Initial Public Offering of Duncan Energy Partners

 

On November 2, 2006, our subsidiary, Duncan Energy Partners, filed its initial registration statement for a proposed initial public offering of its common units. Duncan Energy Partners was formed in September 2006 as a Delaware limited partnership to own, operate and acquire a diversified portfolio of midstream energy assets. At the closing of Duncan Energy Partner’s initial public offering, we will contribute 66% of the equity interests in following subsidiaries to Duncan Energy Partners:

 

 

§

Mont Belvieu Caverns, L.P. (“Mont Belvieu Caverns”), which receives, stores and delivers NGLs and petrochemical products for industrial customers located along the upper Texas Gulf Coast, which has the largest concentration for petrochemical plants and refineries in the United States.

 

 

§

Acadian Gas, LLC (“Acadian Gas”), which is an onshore natural gas pipeline system that gathers, transports, stores and markets natural gas in Louisiana. The Acadian Gas system links natural gas supplies from onshore and offshore Gulf of Mexico developments (including offshore pipelines, continental shelf and deepwater production) with local gas distribution companies, electric generation plants and industrial customers, including those in the Baton Rouge-New Orleans- Mississippi River corridor.

 

 

§

Sabine Propylene Pipeline L.P. (“Sabine Propylene”), which transports polymer-grade propylene between Port Arthur, Texas and a pipeline interconnect located in Cameron Parish, Louisiana;

 

 

§

Enterprise Lou-Tex Propylene Pipeline L.P. (“Lou-Tex Propylene”), which transports chemical-grade propylene between Mont Belvieu, Texas and Sorrento, Louisiana; and a

 

 

§

South Texas NGL Pipelines, LLC (“South Texas NGL”), which will transport NGLs from Corpus Christi, Texas to Mont Belvieu, Texas. South Texas NGL will own the South Texas NGL pipeline system. See Note 6 for a description of this pipeline.

 

We expect to retain a 34% ownership interest in each of these entities. In addition, we will own the 2% general partner and expect to own at least 25% of the limited partner interests of Duncan Energy Partners. Our ownership of the limited partner interests of Duncan Energy Partners (following its initial public offering) assumes that the underwriters exercise their overallotment option with respect to the offering.
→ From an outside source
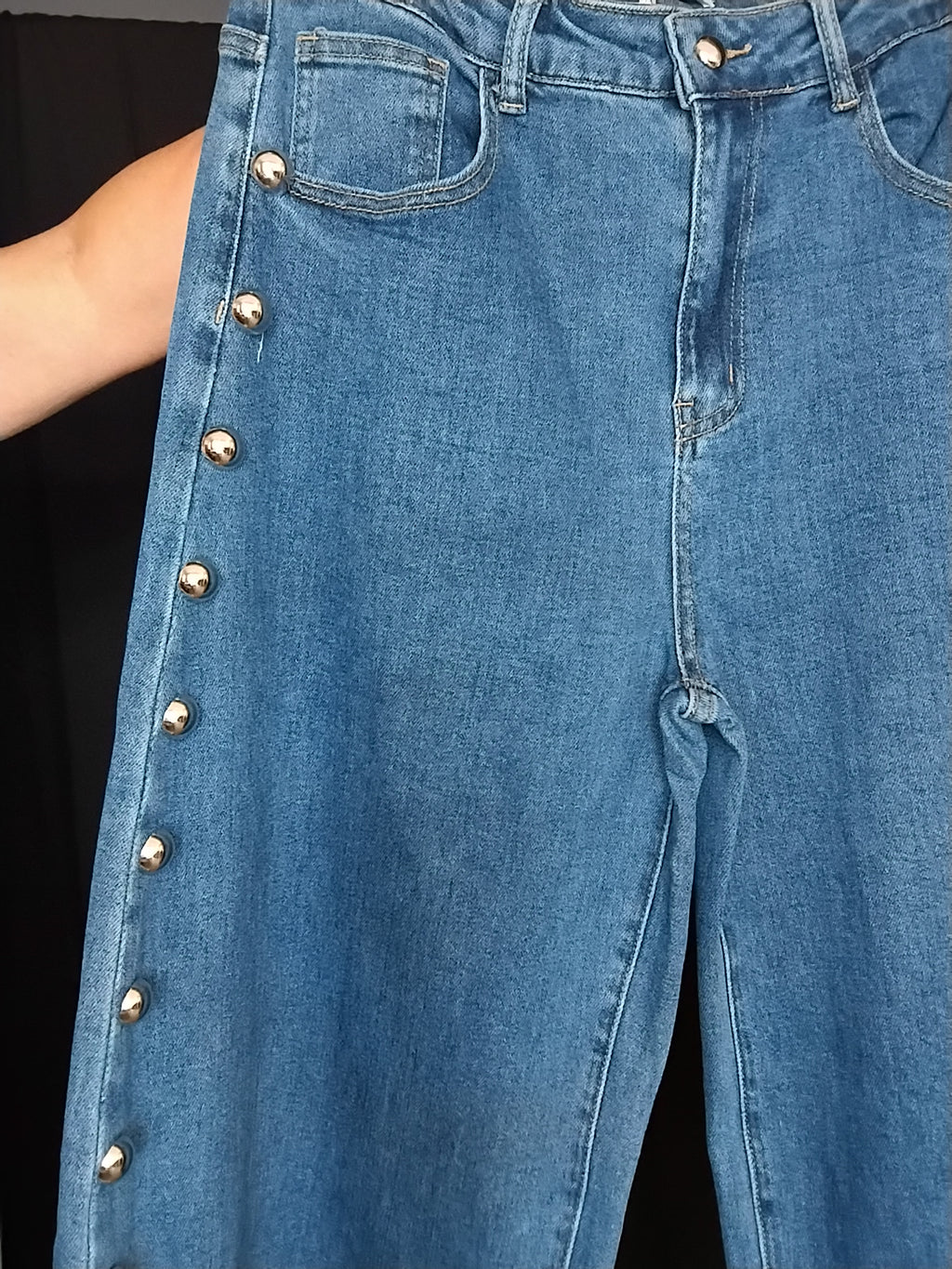 Straight leg jeans · Classic fit · Arabesque detail · XL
Our Operating Partnership will direct the business operations of Duncan Energy Partners through its ownership and control of Duncan Energy Partners.

 

From a financial reporting perspective, the formation of Duncan Energy Partners had no effect on our financial statements at September 30, 2006. Beginning with the quarterly period in which the initial public offering of Duncan Energy Partners is completed, we will consolidate the results of Duncan Energy Partners with minority interest treatment for the common units of Duncan Energy Partners owned by unitholders other than us.

 

We expect to have significant continuing involvement with all of these assets, including the following types of transactions:

 

 

§

We will continue to utilize storage services provided by Mont Belvieu Caverns to support our Mont Belvieu fractionation and other businesses;

 

 

§

We will continue to buy from and sell natural gas to Acadian Gas in connection with its normal business activities; and

 

 

§

We will be the sole shipper on the NGL pipeline system to be owned by South Texas NGL.